In March, it’s time to celebrate Women’s History Month. It’s an important occasion, standing for acknowledgement, validation, and honoring the contributions made by women all around the world. Like all other industries, this reaches us here in the coffee world, too. Let’s talk about it.
It Started with International Women’s Day
Women’s History Month started with International Women’s Day, which was first observed in the early 1900’s. International Women’s Day marked an important step forward, becoming a symbol for women’s rights worldwide. In many countries, it’s even an official holiday. In the United States, this elevated to Women’s History Week in 1980 when President Jimmy Carter declared:
Too often the women were unsung and sometimes their contributions went unnoticed. But the achievements, leadership, courage, strength and love of the women who built America was as vital as that of the men whose names we know so well.
By the late 80’s, Congress went on to pass joint resolutions to assign Women’s History Week to a specific week in March. While this was happening, schools around the United States were already celebrating their own Women’s History Month. By 1987, in light of the work done by the National Women’s History Project, Congress passed Pub. L. 100-9, officially making March Women’s History Month.
Every year since, our Presidents have issued proclamations affirming March to be Women’s History Month. If you’re curious, you can see those proclamations listed here. Just as well, each year, the National Women’s History Project declares a specific theme for each Women’s History month. For 2021, the theme was “Valiant Women of the Vote: Refusing to Be Silenced.”
Women in the World of Coffee
In any context, it’s imperative that we support women in the fight for equity and equality. In the context of coffee, this remains true. At Whole Latte Love, we are strong proponents of women in the industry and around the world. In fact, it is no exaggeration to say that much of our success has been achieved by women, from the work of our very own team, to the wonderful people we have the opportunity to partner with around the globe.
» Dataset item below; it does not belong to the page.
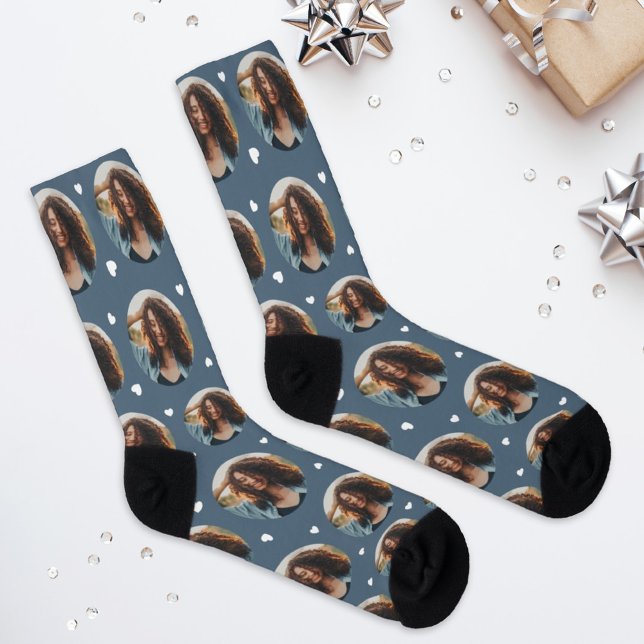 Custom Girlfriend Photo Slate Blue Love Socks (Creator Uploaded)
As a lightning quick example, this blog would not exist if not for the work women did to make it possible. As someone who has the opportunity to write for Whole Latte Love, and may not have had the opportunity if not for the existence of this blog, I am forever grateful.
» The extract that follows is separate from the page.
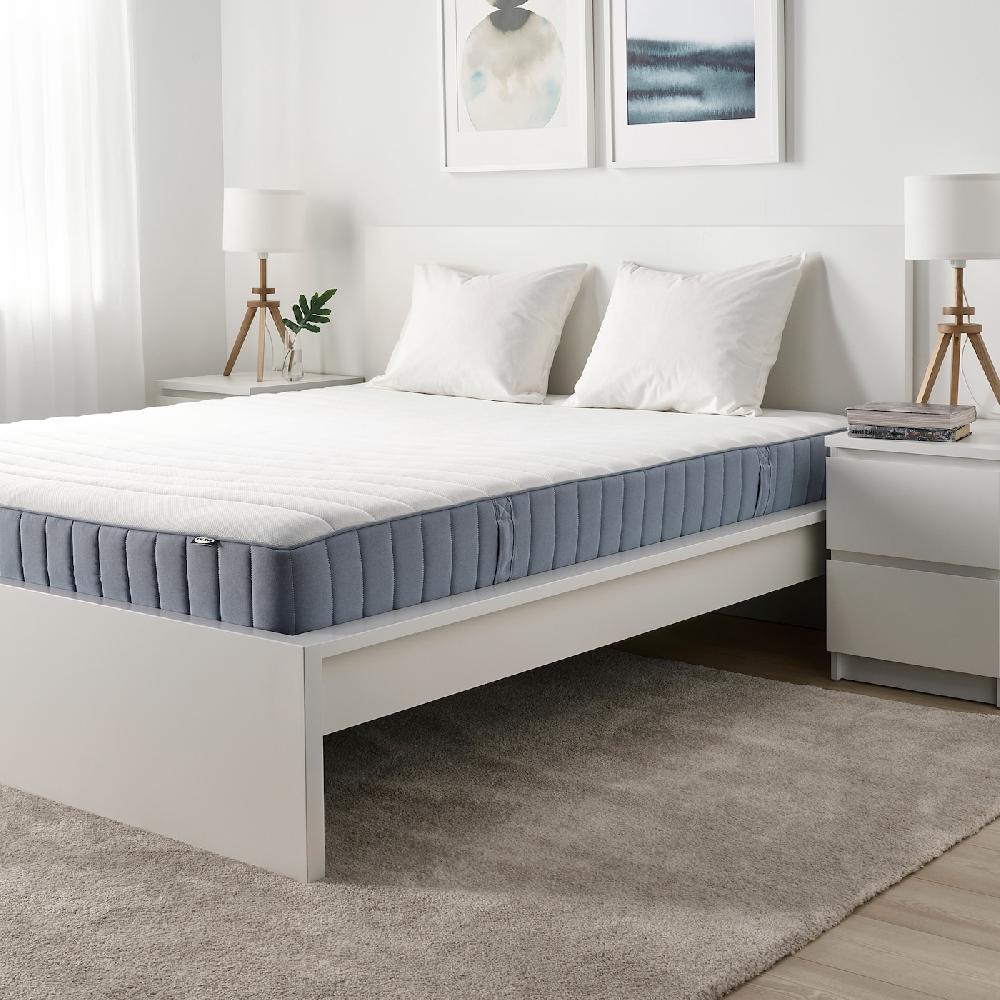 IKEA VALEVÅG Taschenfederkernmatratze fest/Überzug waschbar hellblau 140x200 cm Schlussverkauf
With that in mind, I would like to bring your attention to one of the incredible brands we’re proud to be partnered with: Barrie House, coffee roasters who’ve committed themselves to the cause of supporting women in the coffee industry. To quote them:
Barrie House is a strong supporter of women-owned farms and actively leverages our position, and our strategic partners’ position to drive awareness of gender equity, at all levels, in the coffee industry. We are a strong voice to educate our consumers and stakeholders on today’s challenges in the coffee industry and the importance of supporting the entire supply chain so that coffee will be here for many generations to come.
When I was first introduced to Barrie House, I was delighted to find this statement on their Farm Program page. It’s an often overlooked thing, and a stance most don’t take so explicitly, but here they are, throwing the gauntlet in challenge of all struggles faced by women in the industry. It is my sincere hope that more names in the coffee industry show their support as bravely as Barrie House.
If you don’t know already, in the world of coffee, data suggests that the work women do is wildly disproportionate to the level of ownership they have. Put simply, when it comes to growing coffee, you’ll find a much larger percentage of women participating in the workforce rather than leading it. The work that Barrie House does to give women opportunities they would otherwise be precluded from enjoying is incredibly important.
To learn more about them, you can find their history and timeline here.
Till Next Year
Take the time to appreciate the women in your life. Learn more about their struggles. Appreciate the work they need to do (often the extra work they need to do) just to survive, let alone thrive. Do this for the day, the week, the month, and, for what it’s worth, the other months, too. Because the struggle doesn’t stop.